Black ICE Summit features UGA’s Black Buying Power Report

ATLANTA -With over $645 billion projected to be spent by African-American this year, the “Black ICE (Intra-Community Economics) Summit invites Blacks to discuss “How Blacks Can Use Their Buying Power To Rebuild Their Communities.” Attendees will discuss the buying habits of African-Americans, and how they can be motivated to purchase at least 10% of their goods and services from Black businesses and professionals
The Black ICE Summit will be held in Atlanta, Georgia, September 5-8, at the Sheraton Gateway Hotel, located on Sullivan Rd., south of the Atlanta Airport in College Park, Ga. The summit is presented by soon to be launched Black ICE Magazine. Summit sponsors include: The Minority Business Enterprise Legal Defense and Education Fund (MBELDEF); The Rainbow/Push Coalition; The Georgia Association of Black Elected Officials (GABEO); The Georgia Coalition for the Peoples Agenda (GCPA); Capitol City Bank & Trust; First Service Mortgage
“The workshops planned for the 1st Black ICE Summit will allow attendees to discuss issues and develop plans for improving how Blacks can use their buying power to reduce unemployment and homelessness while strengthening the Black family unit,” says summit coordinator Bill Cannon.


Dr. Jeff Humphreys, author of “The Multicultural Economy: Minority Buying Power in the New Century,” will present the “Black Buying Power Report” segment of the study in the first summit workshop.
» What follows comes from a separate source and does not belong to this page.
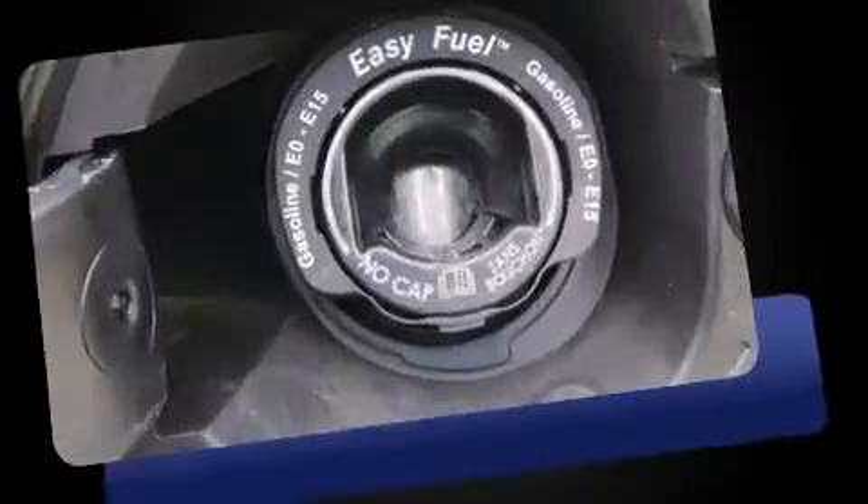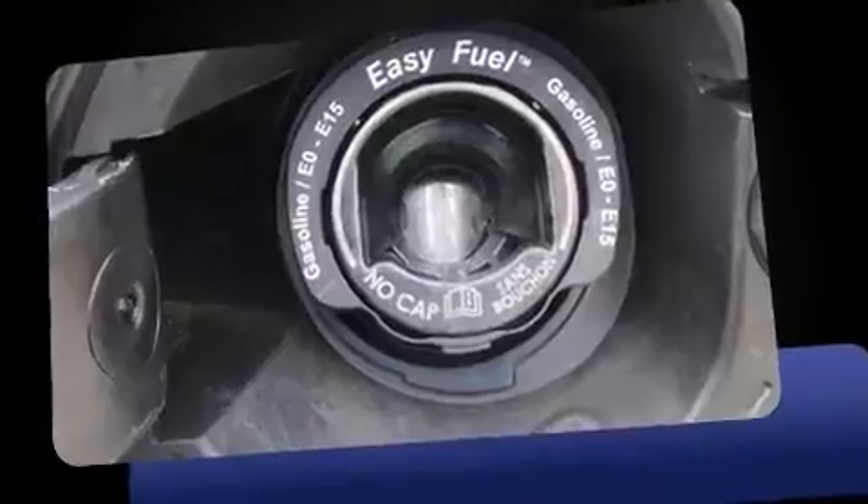Premium sound drives six speakers, providing you and your passengers a sensational audio experience.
According to Dr. Humphreys, director of the Selig Center of the Terry College of Business at the University of Georgia, “The immense buying power of the nation’s Hispanic, African-American, Asian, and Native American consumers is energizing the U.S. consumer market as never before.” Copies of the report will be available at the summit.
Coinciding with the presentation of this impressive report, BlackICE Summit workshop topics include: “Why do Blacks spend less than 3% of their buying power with Black businesses,” “Civil Rights and Silver Rights,” “Marketing Black Businesses With Quality & Customer Satisfaction,” “The Black Vote and the Black Dollar,” “The Impact of Black ICE on Poverty, Homelessness, Justice and Politics,” and “Financing in the Black Community.”
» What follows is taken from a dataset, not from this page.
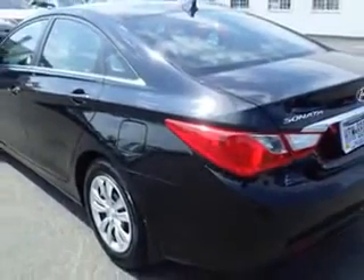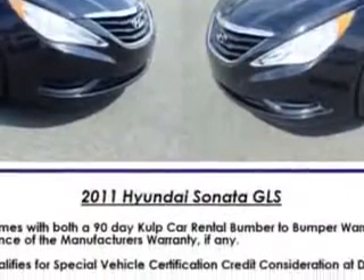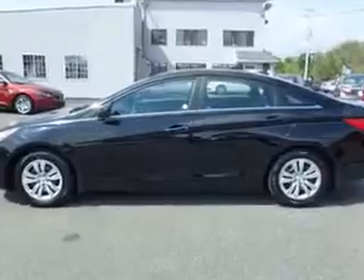Windows: Rear Defogger. Front Wipers: Speed Sensitive, with a Lockout Button. Front Wipers: Variable Intermittent. Power Windows with Safety Reverse.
Black ICE is one of the four “Silver Rights Movement” initiatives. According to Mr. Cannon, “the ‘Silver Rights Movement’ is a continuation of the economic initiative began by Dr. Martin Luther King, Jr. Prior to his death, Dr. King realized that an economic effort must accompany the Civil Rights Movement. This is where Dr. King left off.”
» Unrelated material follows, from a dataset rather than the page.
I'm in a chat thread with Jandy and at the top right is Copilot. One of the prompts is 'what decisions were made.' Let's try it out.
Ranked fourth behind California, New York, and Texas, Georgia’s Blacks are projected to spend over $40 billion in 2002, and nearly $55 billion by 2007. Studies conducted by the WS Cannon Company, and commissioned by the Georgia Summit of African American Business Organizations indicated that Blacks in Georgia spend less than 2% of their after-tax buying power with Black businesses and professionals.


The “Black ICE Model” developed by the WS Cannon Company suggest that if Blacks in Georgia can create over 6,000 new businesses and almost 22,000 new jobs by increasing their purchases from Black businesses by only 8%. American Blacks can create over 100,000 new businesses with $450,000 revenues, and almost 344,000 new jobs with $33,000 salaries.
Based on size, growth rate, and concentration Georgia is America’s most attractive Black market. Presently, it rates as the seventh fastest growing state (consumer wise) attracted by Black Americans. From the 2000 U.S. Census Bureau, African-American consumer expenditures grew 40%, totaling nearly $300 billion, according to Black Enterprise (Sept., 2002).
As Mr. Cannon further states, “when Blacks spend their dollars within the community of Black-owned businesses, it resonates as loudly as request “economic self-sufficiency” made by the newly freed slaves at the end of the civil war. It is the heartbeat that resounds as the drum of self-determination and self-reliance that lifts a people ultimately to freedom.”